Tennessee Williams on the problems that come with success
I can’t remember now where I came across this link to a 1947 essay entitled ‘The Catastrophe of Success’ written by Tennessee Williams' for The New York Times. It’s excellent, and I’m not sure how to keep this down to my customary maximum limit of three quotations.
Williams talks about being suddenly thrust into the limelight and a life of luxury after, well, the opposite:
The sort of life that I had had previous to this popular success was one that required endurance, a life of clawing and scratching along a sheer surface and holding on tight with raw fingers to every inch of rock higher than the one caught hold of before, but it was a good life because it was the sort of life for which the human organism is created.Staying in a 'first-class hotel suite' didn't bring him pleasure but rather made him rather depressed. He didn't feel inspired or ready to create a follow-up to his breakout play The Glass Menagerie and was rather embarrassed not only by the attention, but because he no longer had to perform any menial tasks:
I have been corrupted as much as anyone else by the vast number of menial services which our society has grown to expect and depend on. We should do for ourselves or let the machines do for us, the glorious technology that is supposed to be the new light of the world. We are like a man who has bought up a great amount of equipment for a camping trip, who has the canoe and the tent and the fishing lines and the axe and the guns, the mackinaw and the blankets, but who now, when all the preparations and the provisions are piled expertly together, is suddenly too timid to set out on the journey but remains where he was yesterday and the day before and the day before that, looking suspiciously through white lace curtains at the clear sky he distrusts.
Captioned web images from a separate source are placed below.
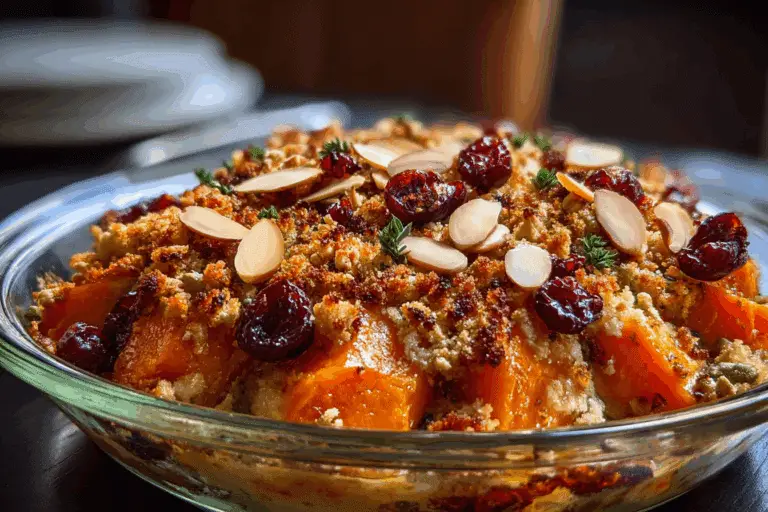 Sweet Potato & Ricotta Bake with Cranberries and Herbed Almond Crumble
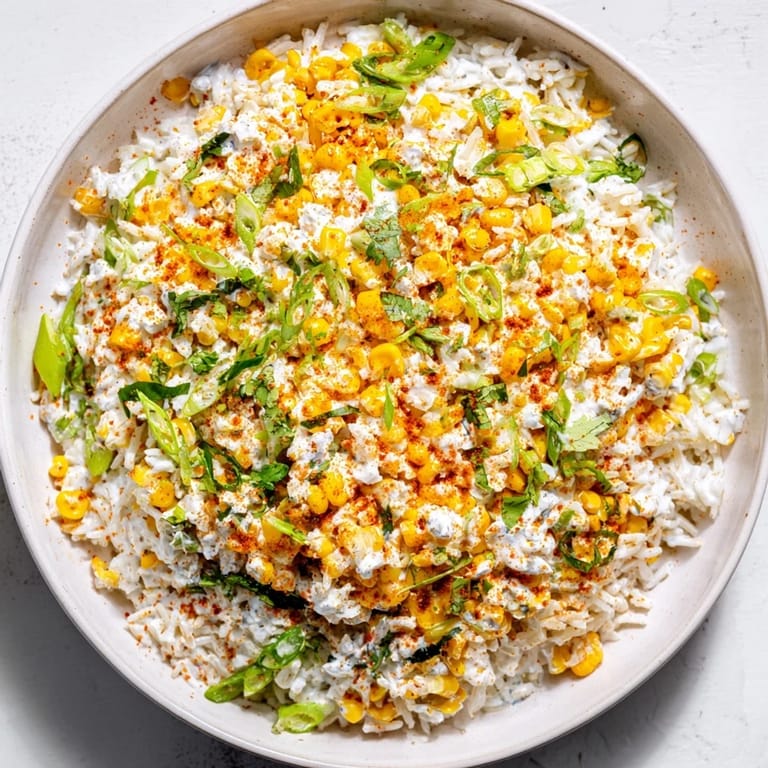 Creamy Mexican Street Corn Rice with chili powder, ready to enjoy alongside your favorite grilled food.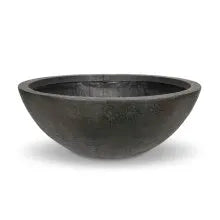Decorative Aquascape fountain bowl in green slate, 40-inch diameter, featuring a natural textured surface for garden water features.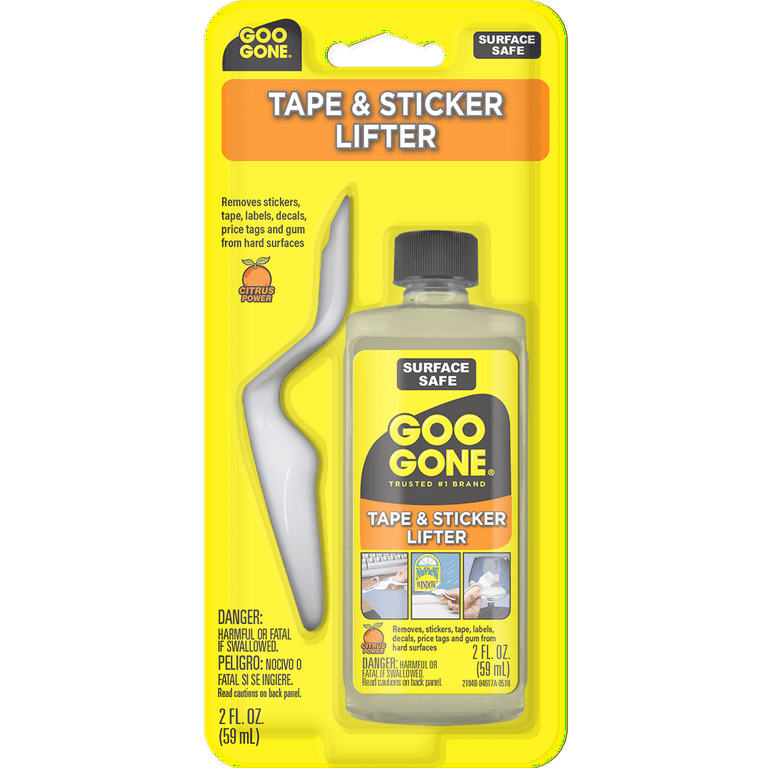 Goo Gone Adhesive Remover Spray Gel - 2 Pack and Sticker Lifter - Removes  Chewing Gum Grease Tar Stickers Labels Tape Residue Oil Blood Lipstick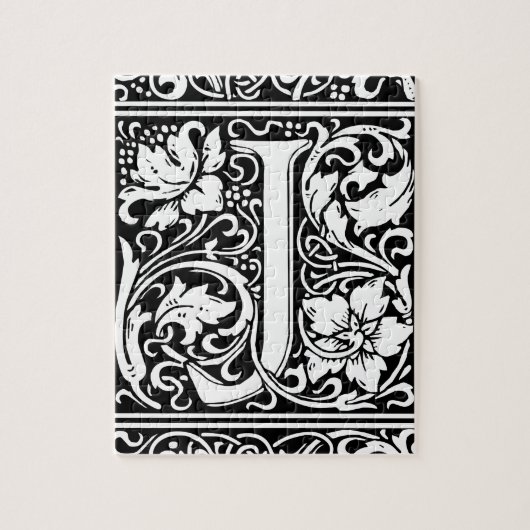 Puzzle Lettre J Monogramme médiéval Art Nouveau (Vertical)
Our great technology is a God-given chance for adventure and for progress which we are afraid to attempt.The biggest takeaway for me is the line I've highlighted below. We're meant to struggle in life. That doesn't mean a life of poverty or hardship, but it is important to struggle towards something, particularly in creative endeavours:
One does not escape that easily from the seduction of an effete way of life. You cannot arbitrarily say to yourself, I will not continue my life as it was before this thing, Success, happened to me. But once you fully apprehend the vacuity of a life without struggle you are equipped with the basic means of salvation. Once you know this is true, that the heart of man, his body and his brain, are forged in a white-hot furnace for the purpose of conflict (the struggle of creation) and that with the conflict removed, the man is a sword cutting daisies, that not privation but luxury is the wolf at the door and that the fangs of this wolf are all the little vanities and conceits and laxities that Success is heir to—-why, then with this knowledge you are at least in a position of knowing where danger lies.So, yes, the 'catastrophe' of success.